Razer tests the waters with Project Fiona at CES

Razer's Project Fiona looks just like you'd expect a prototype to look. Despite a thick but standard tablet-style body and 10.1 inch touchscreen, it has some unfinished aluminum struts sticking out of either side, with not-quite-perfect joysticks and buttons placed unceremoniously on the top. In short, it's a manufactured idea and not a real product just yet. And Razer's purpose at CES last week was to judge, reps told me, just how good that idea actually was.

Playing with the Project Fiona tablet doesn't feel quite right, but not because the games don't work. The Intel Core i7 processor powers a full Windows 7 installation (though it will eventually run Windows 8, says Razer), and the two prototypes at the show had full PC games on them, including the excellent Warhammer 40K: Space Marine. It ran quite well, but it was still difficult to play -- those joysticks and buttons just aren't fully in the right places. My thumbs did find and learn to use them after a few minutes of play, but it's unclear why, when Razer is already borrowing the "console controller" setup, the buttons are so strangely placed.

After about twenty minutes of handling and playing with Project Fiona, I came to the biggest question about the prototype: Why?

Even Razer itself is confused (or at least pretends to be so) about what Project Fiona actually is. The company calls it "a tablet designed for PC gaming," but it's not a tablet in that it doesn't run Android or any tablet apps. There is a touch surface on the front, and Razer suggests that PC games could eventually have touch interaction built in, though it would rather put that responsibility in developers' hands. In its current state, Project Fiona is just a really thin, powerful PC with a touchscreen and console controls, which makes you wonder why Razer thinks PC gamers want to abandon the mouse and keyboard setup they appreciate so much for this portable Frankenstein.

Razer has made this device "to get feedback from the fans," Associate Manager of Product Marketing Hilmar Hahn told me. "If the demand is very strong, we'll decide if it'll launch." The company has had some success with this kind of process before -- last year's CES prototype was the Switchblade concept, which eventually became the $2800 Blade laptop.

That model was tamed as it went from concept to reality. While the Blade keeps the Switchblade's video buttons and embedded touchscreen, it's a much more conventional, if very well made (thinner than the same-sized Apple MacBook, actually) laptop than a category-defining showpiece. But Razer also promises that a real Project Fiona product is "more likely than the Switchblade" was, and that if it is made it would be sold for "less than $1000," which would give it a very difference audience than the pricey Blade.
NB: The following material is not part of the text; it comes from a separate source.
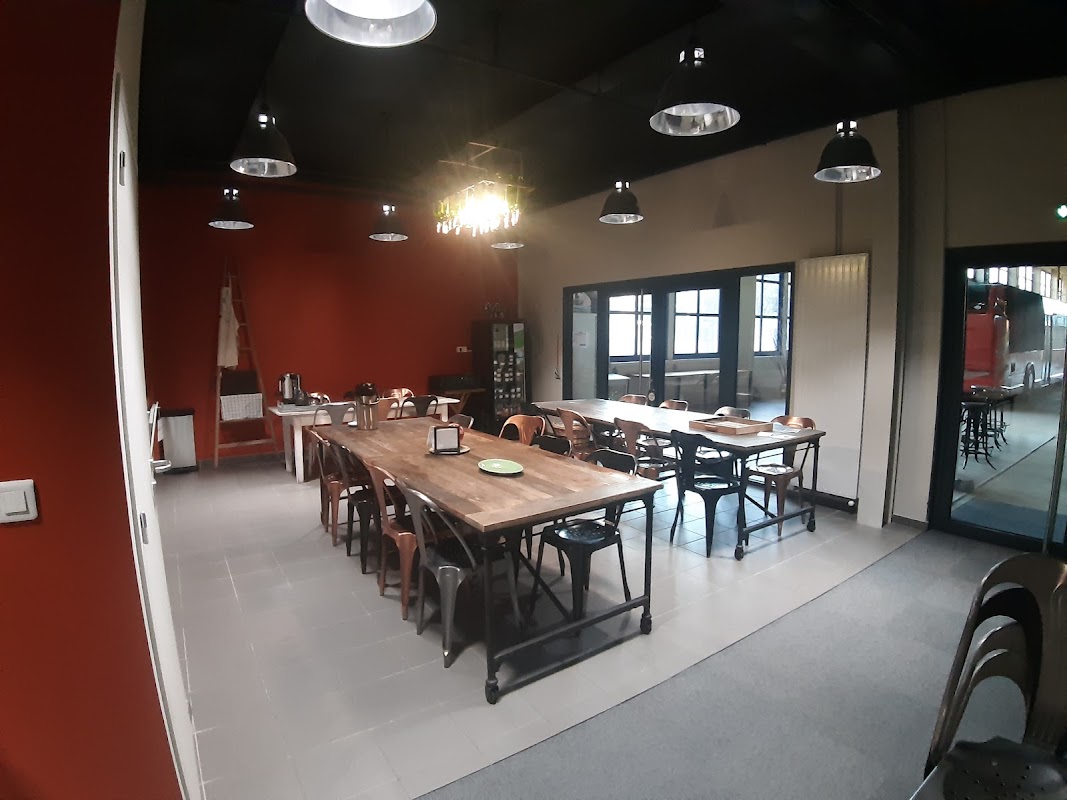 Photo de La Filature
There's one more wrinkle here: While playing with Space Marine on the tablet, I casually mentioned that I'd already played that game on a touchscreen device. It's available on OnLive, and though the OnLive iPad app hasn't made it to the public yet, the game works fine on an early release version of the app. Hahn nodded solemnly, and took the tablet back to show that OnLive was installed and ready to go on Project Fiona. "We are actually talking to them, and we did integrate their client," he said.

Which brings up yet another question. If a gamer just wants to run PC games on OnLive while on the move, why spend $1000 on all the hardware when even a low-power tablet or laptop will run it? "It's almost there," said Hahn, "but [running the game locally] is a little bit more high-definition than OnLive can handle yet. It's definitely something that shouldn't be ignored, however," Hahn said.

In that sense, Project Fiona is a piece of hardware overlapping two worlds. It connects the high-end PC gaming software and hardware of old, with the tablet enclosure and controller interface of the new. It bridges both of those worlds, aiming to let PC gamers render their polygons locally and in high-def, while also using joysticks and buttons while out and about. But the question remains: Why does Razer think those worlds need to be connected at all?